Unter den Fenstern ist eine Sitzbank aufgebaut, die einen großen Esstisch umfasst. Der „Herrgottswinkel“ mit Kreuz liegt dem Ofen gegenüber und zeigt nach Süden. Als Dependenzort des vorderösterreichischen Villingens war Unterkirnach – und damit auch die Bewohner des Röthenlochs – katholischer Konfession, was sich im Herrgottswinkel erkennen lässt.
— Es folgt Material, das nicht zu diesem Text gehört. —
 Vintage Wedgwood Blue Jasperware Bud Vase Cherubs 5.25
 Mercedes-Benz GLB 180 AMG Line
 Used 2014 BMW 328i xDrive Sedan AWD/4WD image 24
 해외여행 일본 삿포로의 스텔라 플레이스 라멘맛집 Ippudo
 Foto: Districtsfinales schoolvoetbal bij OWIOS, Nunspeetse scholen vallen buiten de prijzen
Über eine als Schranktür versteckte Treppe, dem Stegenkasten, gelangt man direkt von der Stube in die Schlafkammer im zweiten Stock. Diese Kammer ist auch über eine Treppe im Flur zu erreichen. Ihr gegenüber liegen die Kammern der Knechte, die ursprünglich nur Türen zur Außenwand hatten – die Knechte mussten also das Gebäude verlassen, um über den Balkon in ihre Kammer zu kommen.
Neben den Kammern für die Knechte lag die Tenne, auf der Stroh und Heu gelagert wurde. Seit dem 16. Jahrhundert wurden in den Schwarzwaldhäusern Hocheinfahrten gebaut. Über diese konnte der Heuwagen auf der Hangseite ebenerdig in das Haus gefahren und dort entladen werden. Die Tenne wurde bei der Renovierung durch Familie Richter nicht gedämmt.
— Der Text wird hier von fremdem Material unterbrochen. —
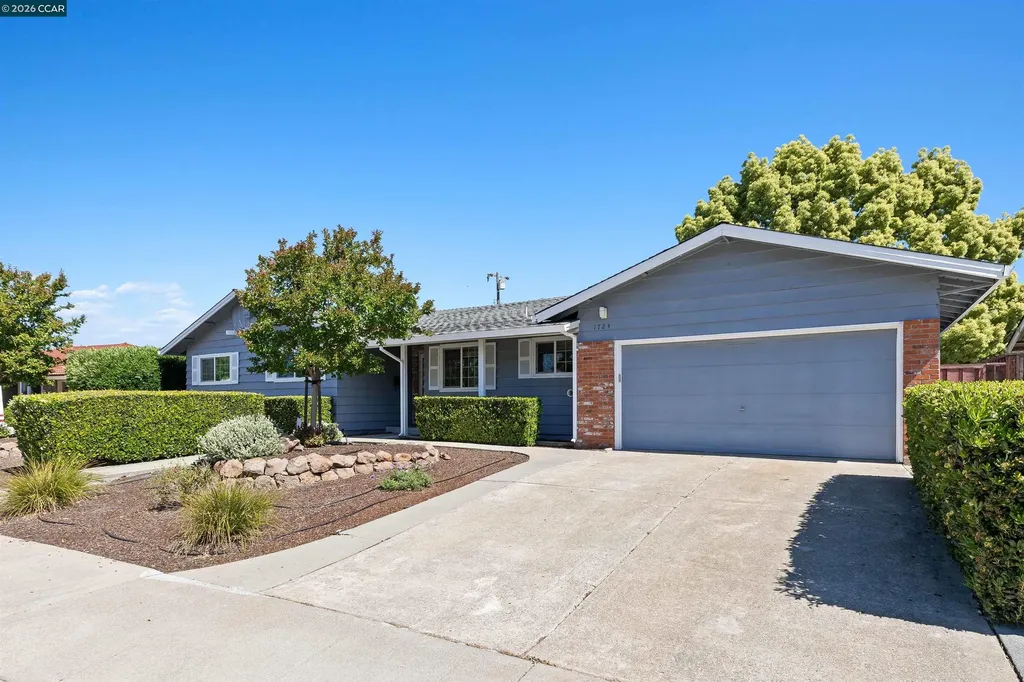 1724 Carriage Drive Walnut Creek CA 94598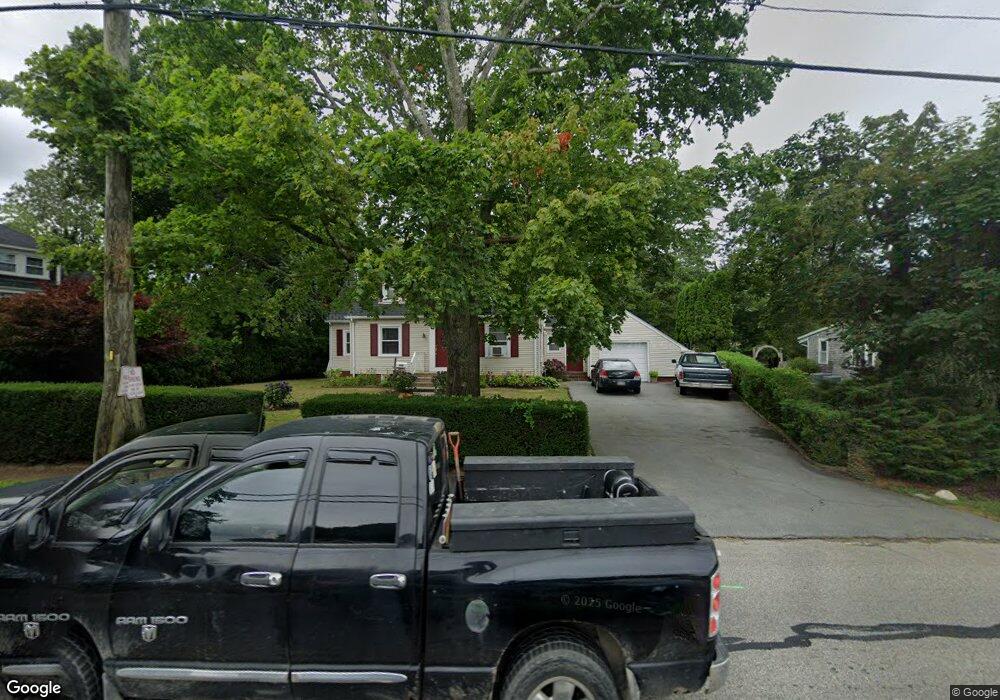 753 Dartmouth St, South Dartmouth, MA 02748 - photo 1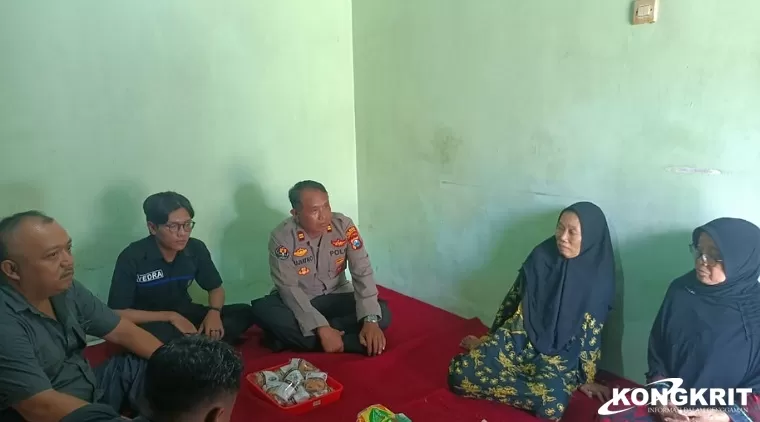 Kasi Humas Polres Tulungagung bersama anggota dan sejumlah wartawan takziah di rumah duka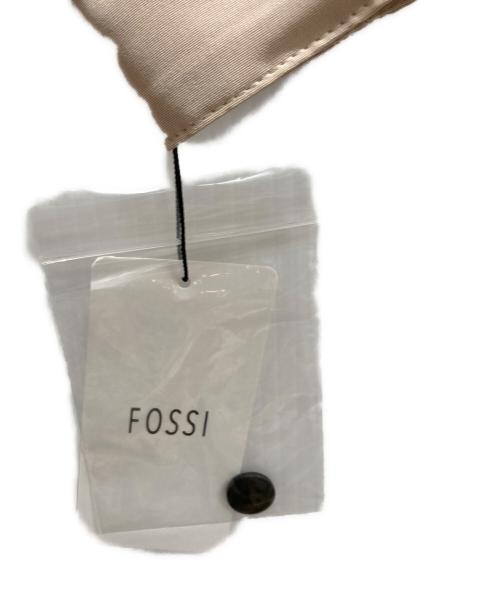 FOSSI（フォッシィ）FOSSI (フォッシィ) ワンピース ベージュ サイズ:40 未使用品の古着・服飾アイテム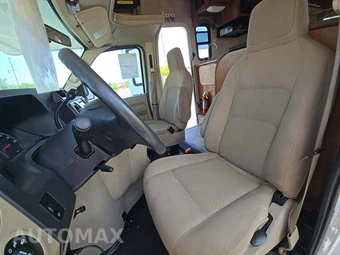 2013 Ford Super Duty E-350 Cutaway DRW - miniatura 6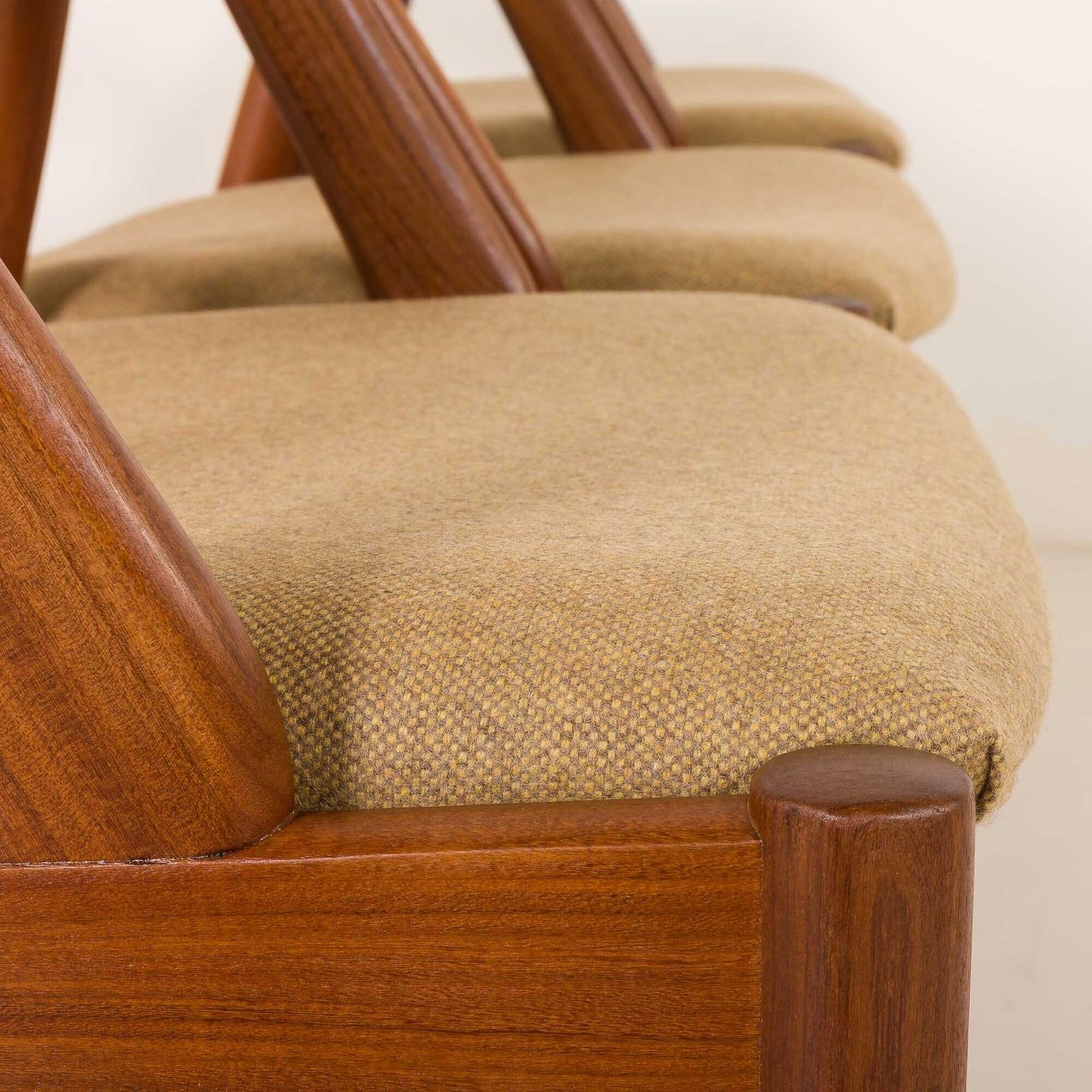 2993.0 Kai Kristiansen Model 31 Chairs, Set Of 6, Denmark 1960s photo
Gemeinsam mit dem Oberen Röthenloch nutzten die Bewohner des Unteren Röthenlochs eine Mühle, von der sich heute keine Spuren mehr finden. Klaus Richter baut jedoch eine historische Mühle aus Oberkirnach auf dem Gelände des Röthenlochs wieder auf. Die Bauern im Schwarzwald versorgten sich selbst mit allem Lebensnotwendigen – sie bauten Gemüse an, hielten und schlachteten Vieh, verarbeiteten Holz und Stroh auf vielfältige Weise, mahlten Korn und buken selbst Brot. Einen Bäcker gab es in Unterkirnach erst im 19. Jahrhundert, als die Tagelöhner, Uhr- und Fabrikarbeiter versorgt werden wollten.
1674 wurde das Röthenloch gebaut – sieben der zwölf Kinder von Christian und Magdalene Glatz werden dort geboren worden sein. Für uns Heutige lebten die Menschen damals in einer anderen Welt: in den langen Wintermonaten lag viel Schnee, der den Weg zu anderen Höfen oder ins Dorf zu einer anstrengenden Reise machte, es war dunkel, und unsere heutigen Geruchsgewohnheiten wären wohl überrascht von der Mischung aus Rauch, Dung und Schweiß, der die Bauernhäuser und ihre Bewohner selbstverständlich umgab.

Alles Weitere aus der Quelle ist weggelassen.